A new notice is set to be erected on the facade, but Mr McGrath is not changing the famous pub’s name. He said: “We’re going to put up a massive sign saying ‘Under Old Management’.”

Mr McGrath said: “There are a lot of pubs closing down, but if the management is good enough they can work.” The Steeles has a long and illustrious history, opening in Victorian times. It was the haunt of many faces in the 1960s and 70s, including the likes of Oliver Reed, Dudley Moore, Peter Cooke, Jimmy Greaves and George Best. In the late 1980s and 90s, new pop and TV stars from the Britpop era made it their local, including Liam and Noel Gallagher, Chris Evans, Billie Piper and a host of British actors.

Mr McGrath’s son Kirk and business partner Paul Davies had to sell the pub after the 2008 banking crash when they discovered they had been miss-sold a business loan. It was later owned by Faucett Inn, who turned the upper floors into flats after a long battle with planners.

The company’s assets were handed over to administrators LSS last summer, opening up the opportunity for Mr McGrath to buy it back. He said he had persuaded LSS to remove the pub from a requirement to buy three other Faucett Inn bars at the same time – including the Black Cap pub in Camden High Street.

“I made them an offer they couldn’t refuse. I struck a good deal,” said Mr McGrath, who also owns the King William IV in Hampstead.

He is taking on a 20-year lease and a grand opening party inviting former regulars back inside is due to take place tomorrow (Friday). The pub will host parties and events in its back room, and serve food as well as a range of alcohol.

Mr McGrath with the old portrait of Sir Richard Steele

Mr McGrath said the return of the pub comes with a mix of excitement tinged with some sadness.
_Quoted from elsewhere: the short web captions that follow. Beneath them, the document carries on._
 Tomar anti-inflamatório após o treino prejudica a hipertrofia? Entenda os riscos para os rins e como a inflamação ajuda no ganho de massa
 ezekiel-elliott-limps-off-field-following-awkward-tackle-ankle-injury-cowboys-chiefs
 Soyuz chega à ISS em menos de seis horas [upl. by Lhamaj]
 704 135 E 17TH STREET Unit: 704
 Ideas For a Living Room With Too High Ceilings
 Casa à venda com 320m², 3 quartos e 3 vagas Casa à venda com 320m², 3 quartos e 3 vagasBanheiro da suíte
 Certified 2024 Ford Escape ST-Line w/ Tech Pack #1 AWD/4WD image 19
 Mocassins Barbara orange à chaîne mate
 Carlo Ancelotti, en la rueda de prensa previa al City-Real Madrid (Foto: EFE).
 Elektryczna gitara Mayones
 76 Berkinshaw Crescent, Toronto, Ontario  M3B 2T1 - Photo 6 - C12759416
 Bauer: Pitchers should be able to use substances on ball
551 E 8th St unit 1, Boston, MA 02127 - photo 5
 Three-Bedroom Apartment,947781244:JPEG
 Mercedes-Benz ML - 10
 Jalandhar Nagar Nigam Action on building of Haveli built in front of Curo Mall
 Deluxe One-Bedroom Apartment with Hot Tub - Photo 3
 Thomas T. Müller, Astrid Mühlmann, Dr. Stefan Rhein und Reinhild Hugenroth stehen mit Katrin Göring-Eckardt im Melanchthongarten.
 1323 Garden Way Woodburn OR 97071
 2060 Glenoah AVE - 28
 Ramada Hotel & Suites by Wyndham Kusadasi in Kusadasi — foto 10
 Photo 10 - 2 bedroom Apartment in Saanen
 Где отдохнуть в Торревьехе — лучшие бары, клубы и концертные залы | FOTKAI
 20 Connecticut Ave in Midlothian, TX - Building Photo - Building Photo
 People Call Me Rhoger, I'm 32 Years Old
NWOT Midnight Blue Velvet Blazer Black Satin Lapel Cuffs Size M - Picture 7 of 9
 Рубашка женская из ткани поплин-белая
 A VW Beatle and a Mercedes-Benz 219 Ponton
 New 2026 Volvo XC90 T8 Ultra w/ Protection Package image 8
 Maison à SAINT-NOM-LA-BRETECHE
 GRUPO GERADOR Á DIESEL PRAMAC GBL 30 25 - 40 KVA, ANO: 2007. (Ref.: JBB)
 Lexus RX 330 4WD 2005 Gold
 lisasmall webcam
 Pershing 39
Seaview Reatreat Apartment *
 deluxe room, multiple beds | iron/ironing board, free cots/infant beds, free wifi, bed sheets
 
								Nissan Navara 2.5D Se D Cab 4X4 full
He said: “I am really looking forward to welcoming back so many old friends, old regulars, and new ones too. But I have to say, there are some who came in who are no longer with us. “I remember so many – there was a musician called Tony Ashton, from Ashton Gardner and Dyke, who did the song Resurrection Shuffle and had a massive hit. It will be sad not to welcome him back through the doors. “There are so many who have missed out on 15 years of great Saturday nights in the Steeles because of what happened. I am really looking forward to seeing people, coming back in.”

The aristocrat the pub is named after – an Anglo-Irish writer and politician, who died in 1729 – had always cast a beady eye on the proceedings in the pub, from a full-length portrait. When the pub was taken over the painting was sold to a regular who could not bear to see it lost. But McGrath has tracked it down and said: “Dicky himself is back – and he’s going on the wall where he always was.”

While many of the other trinkets, curios and arty objects the pub was famous for have been dispersed, there is one piece that could not be sold – a ceiling painting completed by a regular in the 1980s. Mr McGrath is particularly pleased it has survived.

He said: “When they asked if they could do it, I said yes – as long as they put my two grandchildren in. He lay on his back like Michelangelo doing the Sistine Chapel. I’m pleased to say my grandchildren are still in place.”